- **What to do**: Transcribe, starting at the line with "CLIVE GREGSON &" and ending at the line with "Mochila Multiusos con", every line of the material below exactly, but leave out the pictures and anything outside that span.

- **Information provided**:

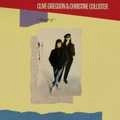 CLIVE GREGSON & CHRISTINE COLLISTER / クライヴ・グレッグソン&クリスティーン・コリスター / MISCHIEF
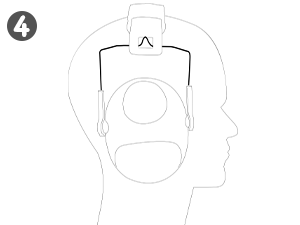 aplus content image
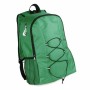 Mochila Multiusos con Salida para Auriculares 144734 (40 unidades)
* * *
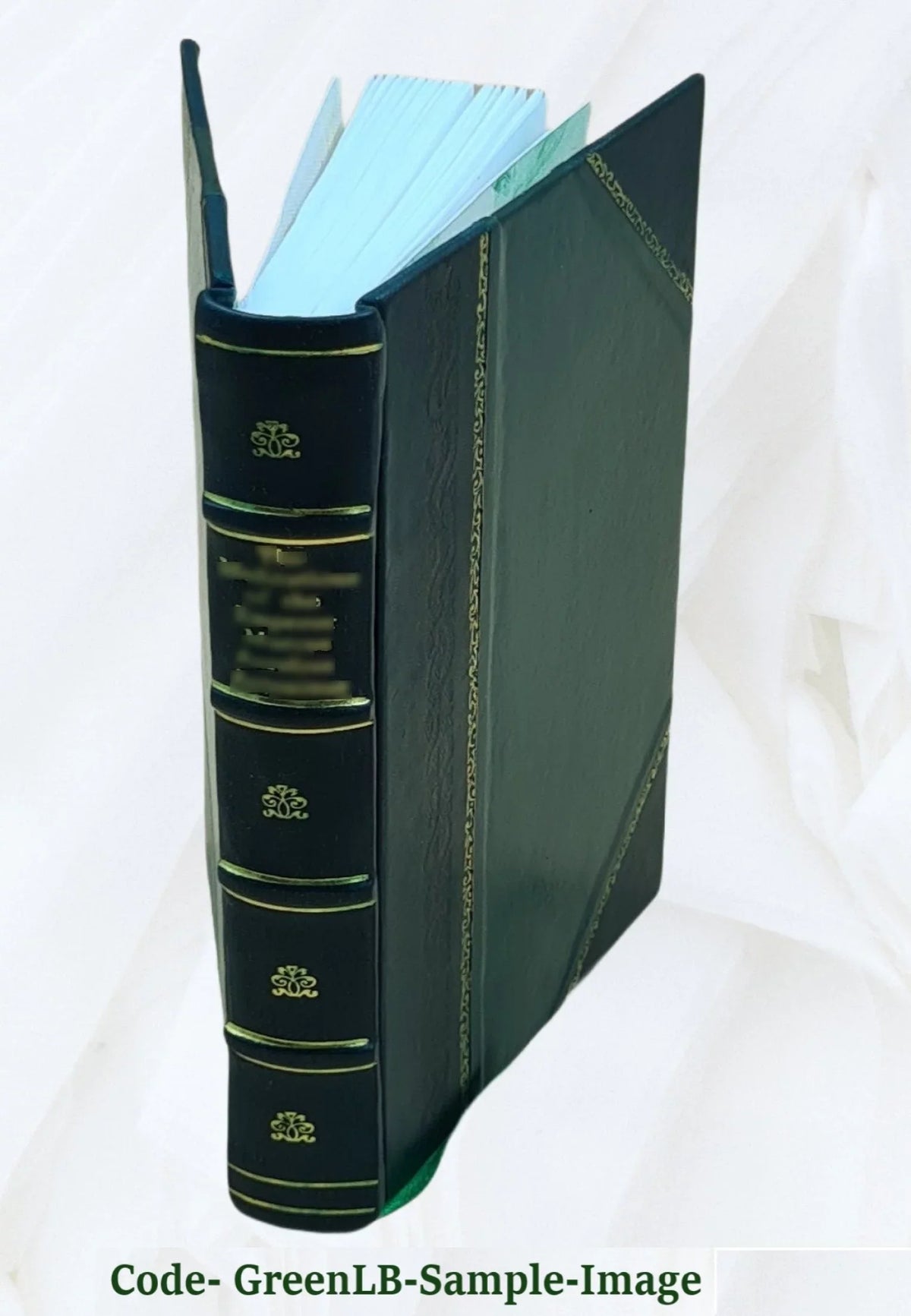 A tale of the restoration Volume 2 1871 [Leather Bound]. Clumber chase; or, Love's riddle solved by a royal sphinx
---
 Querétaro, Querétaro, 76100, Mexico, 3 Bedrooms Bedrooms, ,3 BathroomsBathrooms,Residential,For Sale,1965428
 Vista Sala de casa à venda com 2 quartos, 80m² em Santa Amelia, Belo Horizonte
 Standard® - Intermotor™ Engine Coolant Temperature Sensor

- **Response**:
 CLIVE GREGSON & CHRISTINE COLLISTER / クライヴ・グレッグソン&クリスティーン・コリスター / MISCHIEF
 aplus content image
 Mochila Multiusos con Salida para Auriculares 144734 (40 unidades)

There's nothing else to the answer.